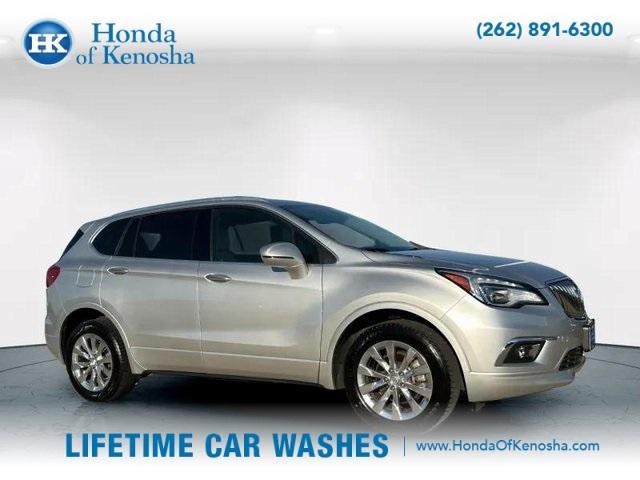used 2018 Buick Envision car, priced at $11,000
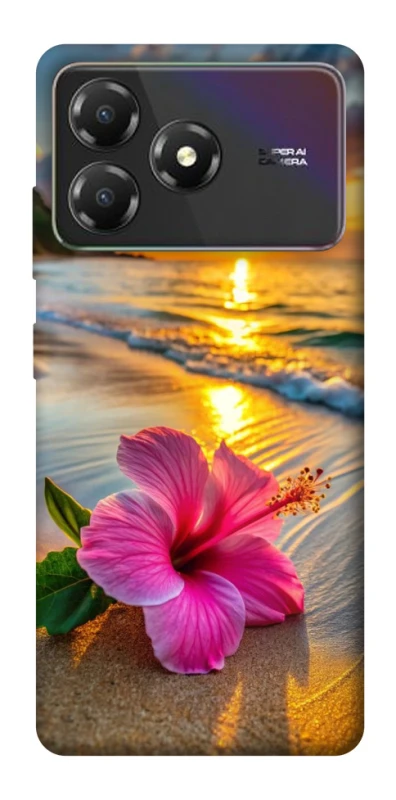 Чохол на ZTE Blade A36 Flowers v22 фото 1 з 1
══════
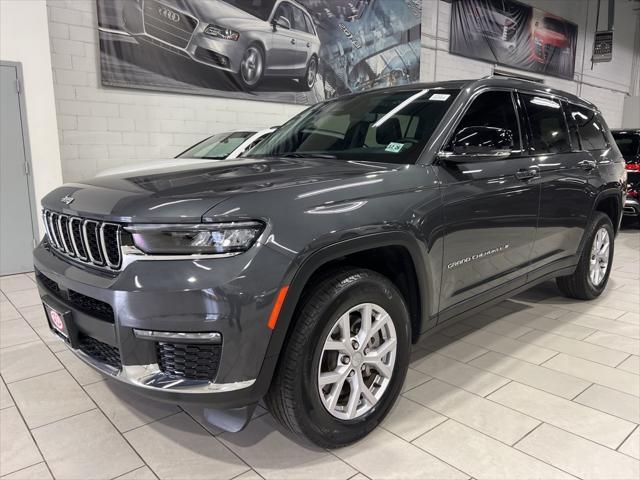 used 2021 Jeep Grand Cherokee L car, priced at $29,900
══════
- [WORK REQUIRED] Please print the lines above word for word, starting at the one with "used 2018 Buick" and ending at the one with "Чохол на ZTE", both included, and without any picture.

- [RESULT]
used 2018 Buick Envision car, priced at $11,000
 Чохол на ZTE Blade A36 Flowers v22 фото 1 з 1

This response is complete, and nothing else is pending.